What sets hybrid organizations apart from traditional firms? What challenges to hybrids face? How effective are hybrids at alleviating social and environmental ills? What drives them to change over time between non-profit and for-profit models, or developing a mix of the two? These questions and others have been the focus of research by Dr. Nardia Haigh. If you would like to take part in Nardia’s current research, please read on:
Are you a Social Entrepreneur who tackled the question “Should I start my enterprise as a for-profit, non-profit, or a hybrid of both?”
If so, we’d love to interview you (for around 30 mins).

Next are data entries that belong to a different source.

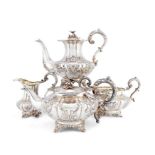 Victorian four-piece silver tea and coffee service by William Bateman & Daniel Ball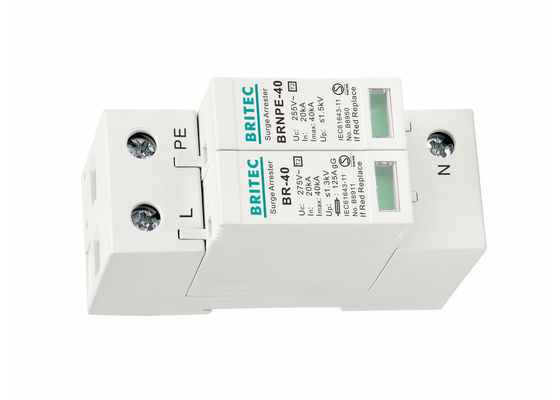 IEC 61643-11 Perangkat Perlindungan Tambahan Tipe 2 dengan Perlindungan Petir 40kA 1P+NPE dan Pemasangan Rel DIN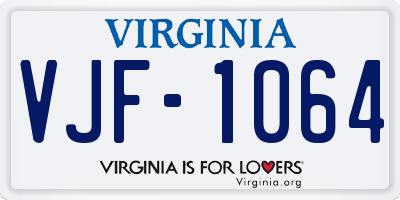 VA license plate VJF1064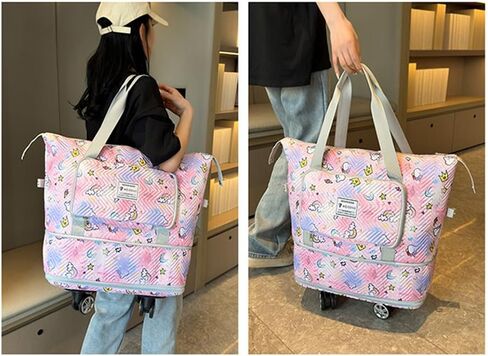 Travel Tote Bags with Trolley Sleeve Expandable Extra Waterproof Rainbow Oxford Duffel Bag with Wheels in Saudi Arabia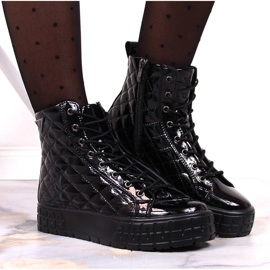 Bottes isolées matelassées en cuir noir pour femmes Filippo PAW369 8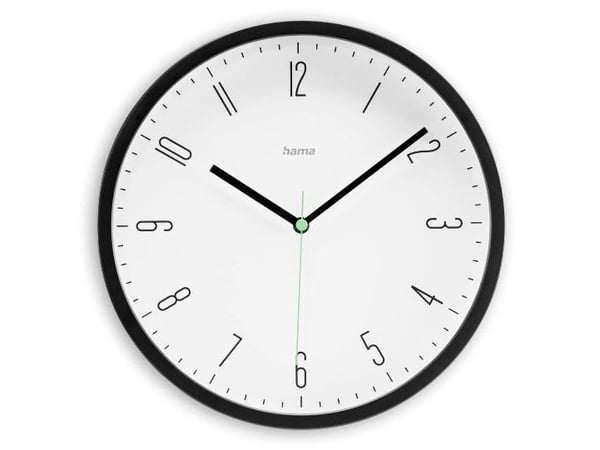 Hama Capri, Vegg, Kvartsklokke, Rund, Svart, Hvit, Plast, Glass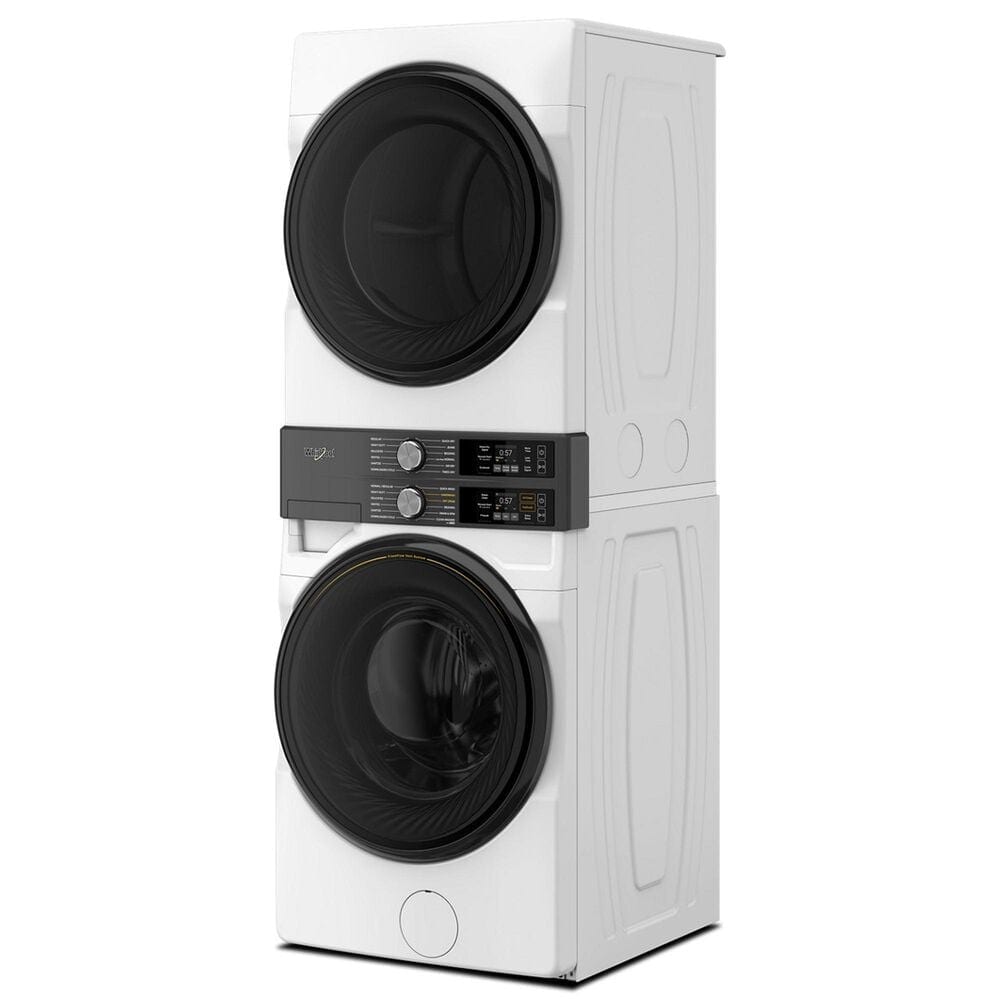 Whirlpool 4.5 Cu. Ft. Smart Front Load Washer and 7.4 Cu. Ft. Electric Dryer Stack Laundry in White, , large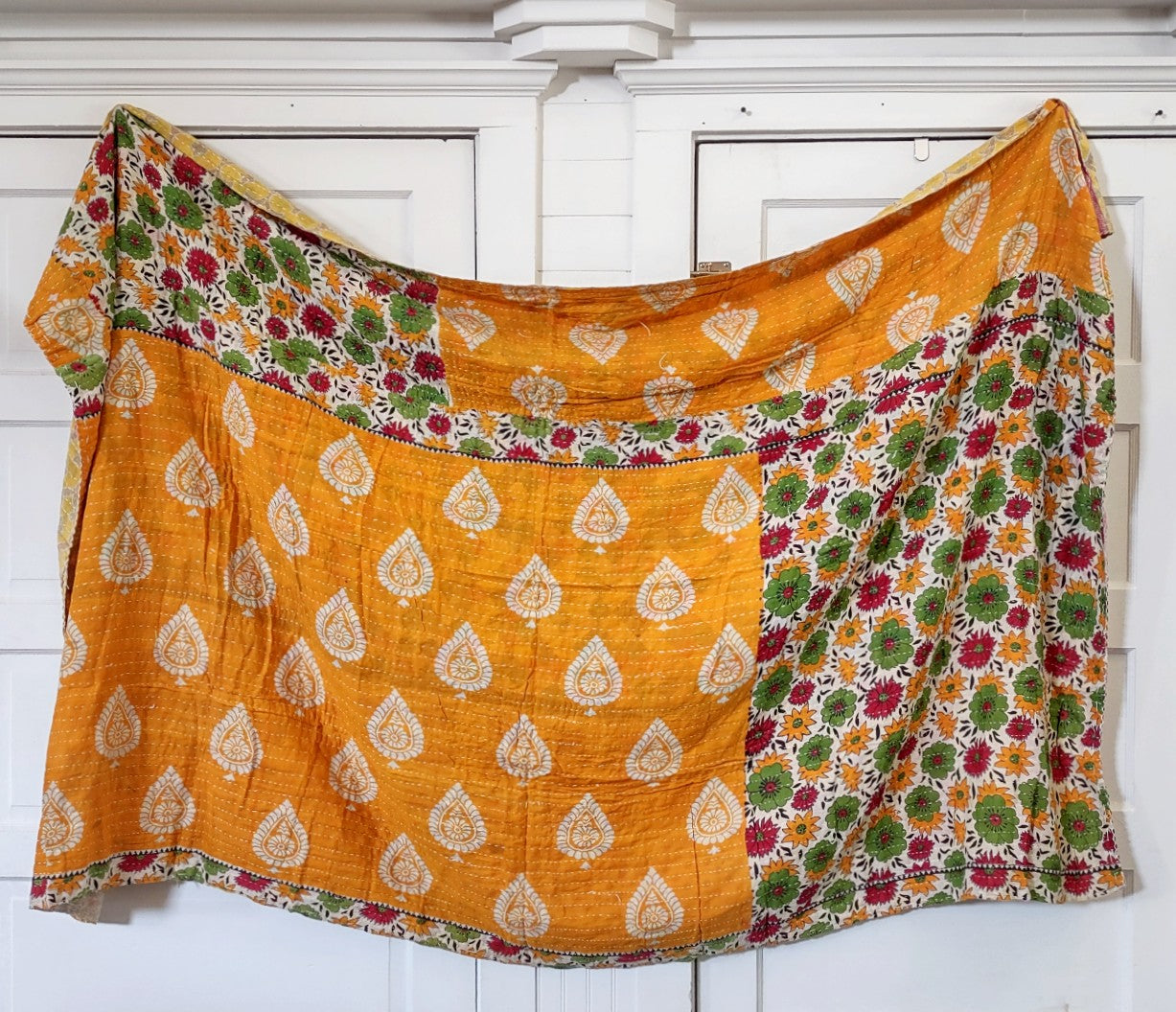 Kantha Sari Throw Blanket #1294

Nardia Haigh at UMass Boston’s College of Management is seeking participants for a study investigating why social entrepreneurs choose for-profit vs. non-profit vs. a hybrid of both. If you would like to participate in this important study (and we hope you will!), please email Nardia at firstname.lastname@example.org for more information. All participants and their companies will be treated with complete confidentiality.

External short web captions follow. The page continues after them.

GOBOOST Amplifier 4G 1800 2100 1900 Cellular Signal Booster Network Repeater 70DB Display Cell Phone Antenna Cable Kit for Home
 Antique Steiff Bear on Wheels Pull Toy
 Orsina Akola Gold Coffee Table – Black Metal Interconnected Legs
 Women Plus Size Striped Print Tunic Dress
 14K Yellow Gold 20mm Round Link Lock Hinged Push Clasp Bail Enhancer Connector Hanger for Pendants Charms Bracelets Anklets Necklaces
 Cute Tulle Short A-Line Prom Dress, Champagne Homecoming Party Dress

Hybrid organizations have been called Fourth Sector, For-Benefit, Mission Driven, Benefit Corporations, and Social Enterprises. We use the term hybrid organizations because it is emerging as a dominant term and reflects their tendency to develop business models that are a hybrid of what is traditionally considered for-profit and non-profit (and they can be registered as either). Hybrid organizations generate income in ways that are often consistent with a for-profit model, but they abide by substantial social and environmental missions that have historically been associated with non-profit models. Hybrid business models have been termed “sustainability-driven,” because they are designed with the specific intention of alleviating a particular set of sustainability issues while remaining economically viable.